I know of a single unmarried woman who successfully adopted two children from Africa while living in Dubai. No father in the picture. The kids are on her sponsorship. 

Your situation is a bit different because there was never a father figure in the picture, so it isn't quite the typical "out of wedlock" scenario that is anathema in the Islamic world. I think you should be fine. 

There's another popular expat forum for women and you can find it by googling and the topic has been addressed there in the past. It seems that it's doable as long as it's a pretty senior position, you have the full support of your company and your company has some influence. If you were trying to come in as a shop assistant then it'd be a completely different story.


----------



## RandomDude (Mar 7, 2014)

My educated guess.no issues.

UAE try to comply with origin country,meaning non Jewish, Christian and Islamic marriage are knowledge if attested by origin.

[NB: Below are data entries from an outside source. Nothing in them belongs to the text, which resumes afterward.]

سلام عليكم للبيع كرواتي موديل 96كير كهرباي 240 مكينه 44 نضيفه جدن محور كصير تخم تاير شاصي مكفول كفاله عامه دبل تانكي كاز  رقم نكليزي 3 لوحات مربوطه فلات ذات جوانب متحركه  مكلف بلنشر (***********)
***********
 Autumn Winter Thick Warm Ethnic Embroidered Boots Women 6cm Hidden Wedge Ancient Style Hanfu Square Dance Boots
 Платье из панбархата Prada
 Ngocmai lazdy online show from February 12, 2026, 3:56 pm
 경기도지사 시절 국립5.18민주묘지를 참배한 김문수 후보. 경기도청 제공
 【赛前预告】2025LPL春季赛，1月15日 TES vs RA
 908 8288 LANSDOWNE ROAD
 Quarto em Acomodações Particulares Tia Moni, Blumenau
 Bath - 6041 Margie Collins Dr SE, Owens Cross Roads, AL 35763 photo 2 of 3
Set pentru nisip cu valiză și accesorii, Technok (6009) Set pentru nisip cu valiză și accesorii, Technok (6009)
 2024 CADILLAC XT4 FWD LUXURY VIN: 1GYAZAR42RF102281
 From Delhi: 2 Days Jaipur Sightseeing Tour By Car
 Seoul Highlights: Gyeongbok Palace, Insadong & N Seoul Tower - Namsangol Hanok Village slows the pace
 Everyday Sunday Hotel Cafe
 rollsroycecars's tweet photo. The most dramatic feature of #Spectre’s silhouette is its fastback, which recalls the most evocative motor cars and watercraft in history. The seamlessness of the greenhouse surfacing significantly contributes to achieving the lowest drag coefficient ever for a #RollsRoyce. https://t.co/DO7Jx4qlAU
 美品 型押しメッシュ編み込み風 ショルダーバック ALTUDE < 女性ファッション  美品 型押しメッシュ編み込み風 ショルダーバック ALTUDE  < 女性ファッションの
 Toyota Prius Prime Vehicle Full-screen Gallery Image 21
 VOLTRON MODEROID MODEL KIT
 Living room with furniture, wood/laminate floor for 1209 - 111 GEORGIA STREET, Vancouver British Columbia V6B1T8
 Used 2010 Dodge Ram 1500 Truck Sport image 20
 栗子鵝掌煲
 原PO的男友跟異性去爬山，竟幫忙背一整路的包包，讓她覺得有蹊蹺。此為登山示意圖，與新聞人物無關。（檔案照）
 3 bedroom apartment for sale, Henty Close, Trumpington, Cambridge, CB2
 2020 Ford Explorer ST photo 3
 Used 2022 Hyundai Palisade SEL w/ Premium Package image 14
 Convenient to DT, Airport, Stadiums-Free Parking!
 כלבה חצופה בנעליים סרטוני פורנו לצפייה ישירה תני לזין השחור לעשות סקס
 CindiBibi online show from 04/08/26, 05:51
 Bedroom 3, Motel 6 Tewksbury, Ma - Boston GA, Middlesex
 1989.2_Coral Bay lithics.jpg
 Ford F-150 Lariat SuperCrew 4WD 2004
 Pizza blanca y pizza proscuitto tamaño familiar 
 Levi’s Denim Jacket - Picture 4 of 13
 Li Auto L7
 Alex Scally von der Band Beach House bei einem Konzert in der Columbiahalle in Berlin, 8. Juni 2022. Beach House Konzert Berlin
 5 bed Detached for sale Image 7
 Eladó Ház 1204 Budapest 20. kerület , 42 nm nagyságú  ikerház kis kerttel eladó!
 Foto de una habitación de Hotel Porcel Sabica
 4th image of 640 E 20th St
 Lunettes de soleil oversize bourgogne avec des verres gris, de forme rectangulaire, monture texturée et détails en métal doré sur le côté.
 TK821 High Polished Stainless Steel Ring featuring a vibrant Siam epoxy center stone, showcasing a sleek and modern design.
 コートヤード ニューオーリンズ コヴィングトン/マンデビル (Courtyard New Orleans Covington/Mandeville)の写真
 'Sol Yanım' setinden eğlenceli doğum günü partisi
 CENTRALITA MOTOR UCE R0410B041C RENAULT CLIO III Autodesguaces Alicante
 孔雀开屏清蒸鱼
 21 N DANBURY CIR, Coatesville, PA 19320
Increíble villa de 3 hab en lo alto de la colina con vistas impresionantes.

If kids are in your name, no issues.


----------



## omar92 (Oct 8, 2013)

The issue would not be that you had children out of wedlock but that there is no father to provide a letter of consent to allow you to sponsor your kids (because of custody issues, they try to make sure the sponsoring parent is entitled to sponsor, via a consent form or custody order).


----------



## Keruso (Feb 26, 2021)

greenmtn said:


> I've done a search and found only one post similar to my situation. From 2012...she didn't post a follow up.
> 
> I have two children using anonymous sperm donor using IVF (assisted reproduction). I am not married and was not married at the time, although I was in the past. Unfortunately the divorce was several years before their birth, so I can't fudge it.
> 
> ...


How did you get on? 
I am in same position and looking to move out with my Son.


----------



## UKMS (Jan 9, 2017)

Keruso said:


> How did you get on?
> I am in same position and looking to move out with my Son.


You may not get an answer .... the post is 7 years old


----------



## xcerus1314 (5 mo ago)

Keruso said:


> How did you get on? I am in same position and looking to move out with my Son.


 I have the same situation, did you guys figure that out?


----------